Opinião: Ela precisa de dinheiro da herança antes do término do inventário

Maria Lucia de Oliveira Andrade (de Formiga/MG)

Opinião: Ela precisa de dinheiro da herança antes do término do inventário
Maria Lucia de Oliveira Andrade é advogada




À beira da piscina, tomando o bendito sol que espantou o frio julino da cidade, ouço-a conversar com minha irmã. Ela diz que cursa o segundo ano de Odontologia em uma faculdade particular. Era o pai, falecido há dois meses, quem arcava com a mensalidade e com todos os custos dela relativos a moradia, alimentação, transporte, vestuário, lazer, etc. Embora fossem despesas mensais altas (giravam em torno de quinze mil reais), o poder aquisitivo dele permitia esse custeio. Era um empresário bem-sucedido e dono de um patrimônio que ultrapassa trinta milhões de reais. Ela sabe dizer esse valor por causa do levantamento de bens que foi necessário fazer dentro do processo de inventário.
Agora, prestes a reiniciar suas aulas, não sabe o que fazer. Devido ao processo de inventário, todos os valores depositados na conta do pai estão bloqueados até que ocorra a partilha. Não tem, portanto, como pagar a faculdade e o aluguel, assim como não tem recursos para se manter na cidade em que estuda. Acha uma incoerência passar necessidade financeira quando está claro que o pai deixou um vasto patrimônio, inclusive saldo bancário alto.
Percebendo sua preocupação e inconformismo, adentro na conversa. Comento que o inventário é importante não apenas para levantar e avaliar (precificar) os bens deixados pelo falecido, mas também suas dívidas.
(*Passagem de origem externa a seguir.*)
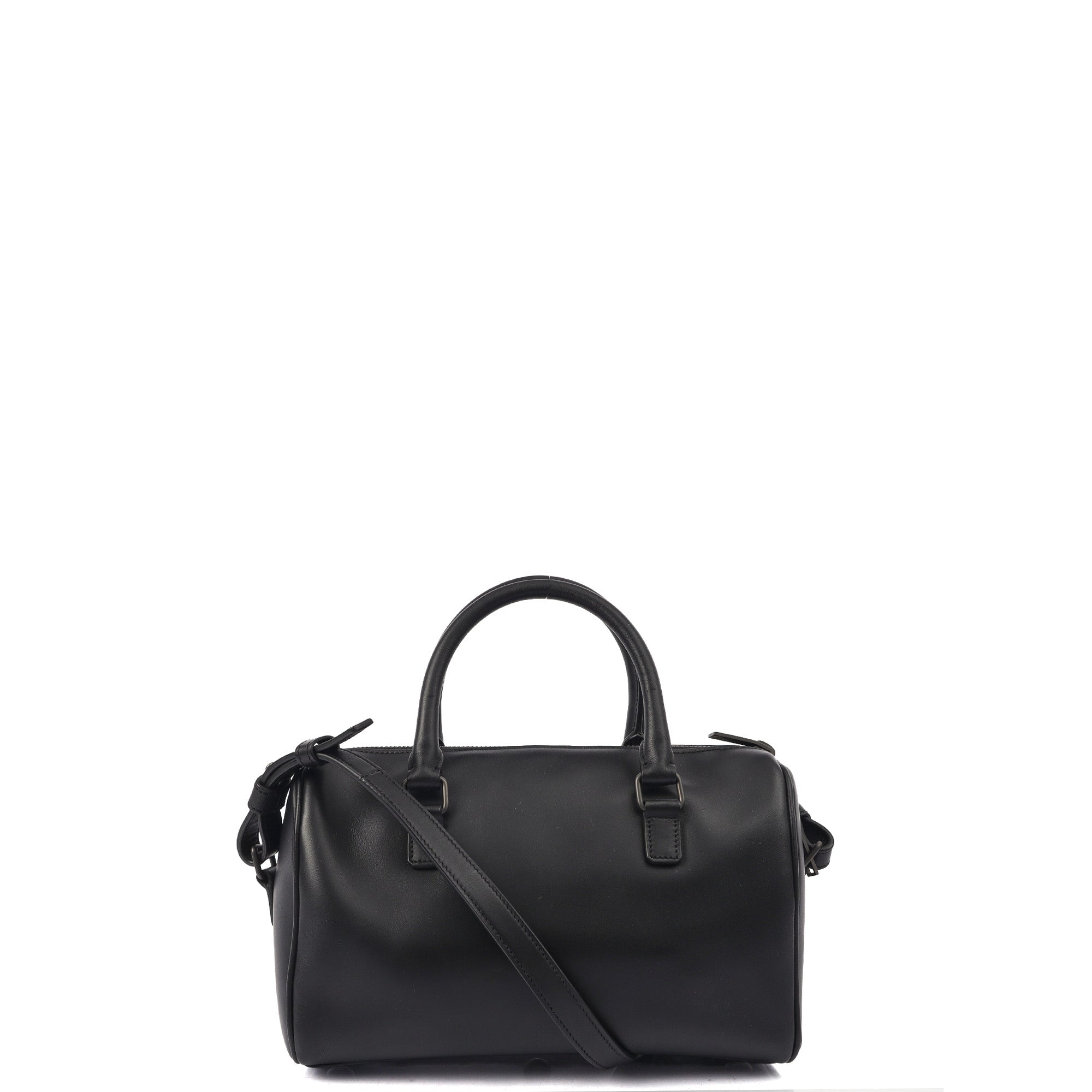 Saint Laurent Tote Duffle in Black, Calfskin Leather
Primeiramente, o patrimônio serve para quitar as dívidas; depois é que se tem ideia do montante que restou e que será partilhado.
Ela diz que já foi feito o levantamento do que o pai devia. É um valor que chega quase a duzentos mil reais; portanto, de fácil e segura quitação, considerando o patrimônio deixado. Também já foi pago o ITCD (Imposto de Transmissão Causa Mortis e Doação) relativo ao patrimônio inventariado.
Pergunto se a mãe dela é viva, se há outros herdeiros e se eles concordariam em que determinado valor da herança lhe fosse antecipado. Responde que a mãe faleceu cinco anos antes do pai, que tem dois irmãos, e que estes não colocariam empecilho para que ela recebesse a quantia. Já disseram que concordam, pois o pai financiou a faculdade deles. Não veem sentido em negar isso a ela.
Digo a ela que a lei é clara: o juiz poderá, desde que fundamente sua decisão, autorizar que um herdeiro possa usufruir de determinado bem, com a condição de que, ao término do inventário, tal bem integre a cota desse herdeiro. Isso significa que o valor/bem que lhe for antecipado será, depois, no momento da partilha, descontado do montante que couber a esse hereiro na herança. Na partilha, deve haver a máxima igualdade possível quanto ao valor, à natureza e à qualidade dos bens.
Então, se ela comprovar a real necessidade de recebimento de determinado valor, especialmente para que se mantenha na faculdade, esse pedido poderá ser feito nos autos do processo de inventário. Deve juntar ao seu pedido uma declaração da faculdade, atestando que frequenta o curso de Odontologia, assim como recibos das despesas mensais que tem. Poderá alegar, além da justa causa do estudo (se não lhe for antecipado o valor, ela precisará trancar seu curso na faculdade, já que não tem renda própria), o fato de que não causará nenhum prejuízo aos outros herdeiros.
Para calcular o valor a ser pedido, ela poderá, por segurança, tomar como referência, por exemplo, as despesas relativas a um mês, multiplicá-las por doze meses e, assim, chegar ao montante relativo a um ano. Possivelmente, nesse tempo já estará concluído o processo de inventário. Mesmo sendo uma medida excepcional, é provável que o Juízo acolha seu pedido, considerando que o patrimônio é vasto, que o ITCD já foi quitado, que não há risco de credores do falecido serem prejudicados, que é fundamental para a manutenção dela na faculdade a liberação do valor solicitado e que há concordância com a antecipação a ela por parte dos outros herdeiros.
Ela se anima. Diz que vai compartilhar com os irmãos a nossa conversa, pois um deles também está vivenciando dificuldades financeiras depois da morte do pai. Esse irmão administrava a empresa da qual o pai era sócio majoritário. Como já decidiram que será dissolvida a sociedade, uma outra pessoa, para dar transparência à liquidação do negócio, ocupou o lugar dele.
Ela se despede com um abraço. Agradece, reiterando que, em meio ao sofrimento pela perda do pai, está muito difícil lidar com as restrições financeiras. Se a questão financeira for resolvida, tudo ficará mais fácil. Também penso assim.